── Given data

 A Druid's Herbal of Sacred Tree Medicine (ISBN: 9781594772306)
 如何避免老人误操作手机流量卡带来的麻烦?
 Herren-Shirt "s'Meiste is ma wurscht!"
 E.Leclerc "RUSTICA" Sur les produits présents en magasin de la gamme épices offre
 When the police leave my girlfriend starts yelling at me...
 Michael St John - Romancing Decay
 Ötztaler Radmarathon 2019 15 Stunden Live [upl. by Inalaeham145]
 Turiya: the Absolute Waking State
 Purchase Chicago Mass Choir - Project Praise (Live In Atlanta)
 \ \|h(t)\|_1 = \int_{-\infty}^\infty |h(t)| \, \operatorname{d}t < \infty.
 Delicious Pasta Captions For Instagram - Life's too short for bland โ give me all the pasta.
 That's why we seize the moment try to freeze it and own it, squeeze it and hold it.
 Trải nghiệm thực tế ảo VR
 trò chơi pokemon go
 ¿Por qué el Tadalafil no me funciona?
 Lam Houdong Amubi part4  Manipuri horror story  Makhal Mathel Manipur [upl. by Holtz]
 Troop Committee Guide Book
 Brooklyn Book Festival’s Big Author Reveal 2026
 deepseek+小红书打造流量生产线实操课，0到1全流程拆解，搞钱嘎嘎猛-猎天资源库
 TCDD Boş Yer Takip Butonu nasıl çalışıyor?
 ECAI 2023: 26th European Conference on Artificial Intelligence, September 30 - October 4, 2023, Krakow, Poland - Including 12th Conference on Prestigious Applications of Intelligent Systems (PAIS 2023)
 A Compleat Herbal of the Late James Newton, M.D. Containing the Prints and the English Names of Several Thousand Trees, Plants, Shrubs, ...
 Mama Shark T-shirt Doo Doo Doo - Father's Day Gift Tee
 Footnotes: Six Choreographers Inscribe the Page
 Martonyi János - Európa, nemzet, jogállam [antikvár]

────

§ Your instructions
Every line above that carries the string "Book" should be copied.

§ Answer space
 Troop Committee Guide Book
 Brooklyn Book Festival’s Big Author Reveal 2026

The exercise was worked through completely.